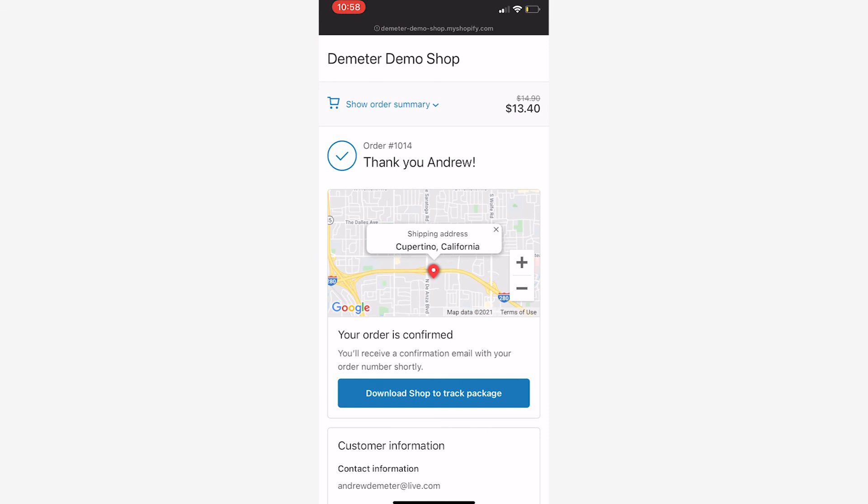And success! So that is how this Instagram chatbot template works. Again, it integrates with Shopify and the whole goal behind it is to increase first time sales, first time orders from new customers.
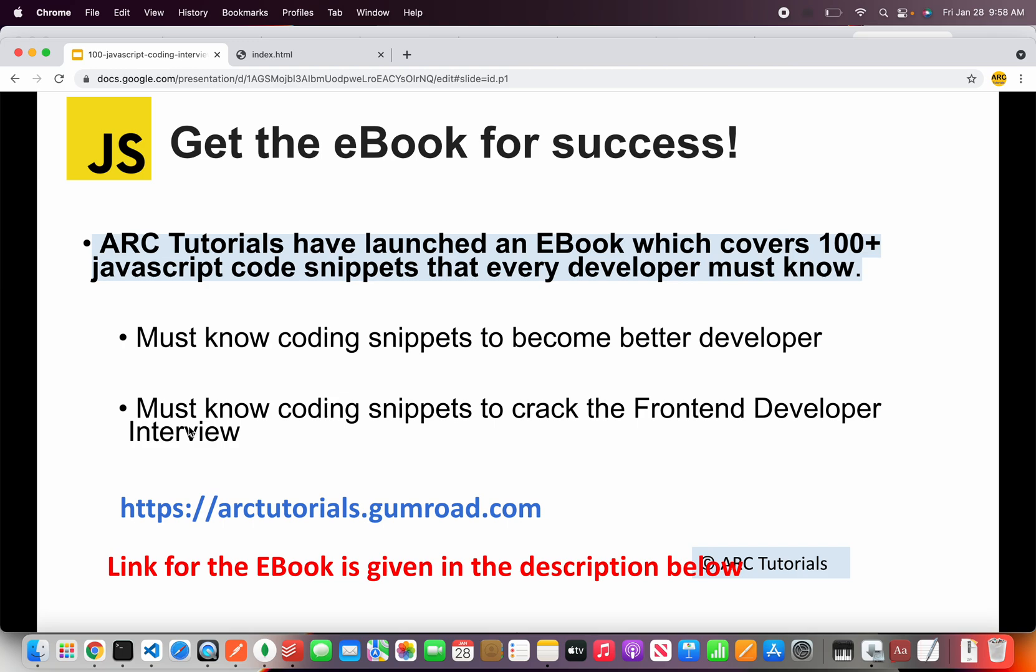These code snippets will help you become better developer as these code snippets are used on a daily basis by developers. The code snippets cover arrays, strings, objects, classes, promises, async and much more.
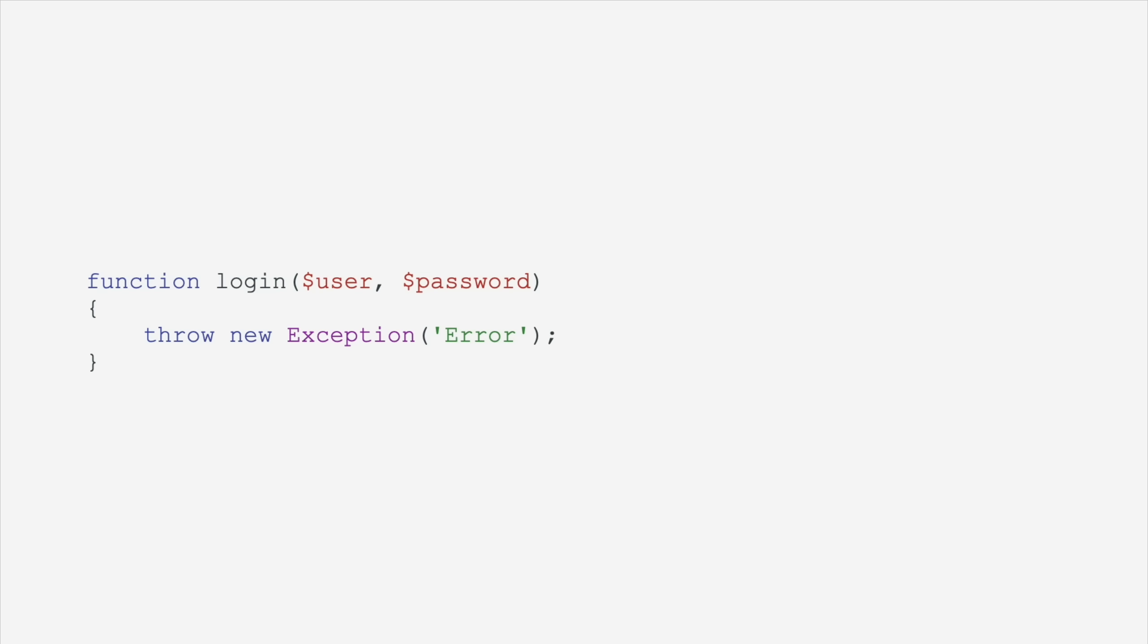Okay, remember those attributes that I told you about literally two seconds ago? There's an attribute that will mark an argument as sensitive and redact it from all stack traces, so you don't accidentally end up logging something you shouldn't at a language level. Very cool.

·····

*Exercise objective*
Apart from the images, every line above is to be given again exactly.

*Solution for this task*
And success! So that is how this Instagram chatbot template works. Again, it integrates with Shopify and the whole goal behind it is to increase first time sales, first time orders from new customers.
These code snippets will help you become better developer as these code snippets are used on a daily basis by developers. The code snippets cover arrays, strings, objects, classes, promises, async and much more.
Okay, remember those attributes that I told you about literally two seconds ago? There's an attribute that will mark an argument as sensitive and redact it from all stack traces, so you don't accidentally end up logging something you shouldn't at a language level. Very cool.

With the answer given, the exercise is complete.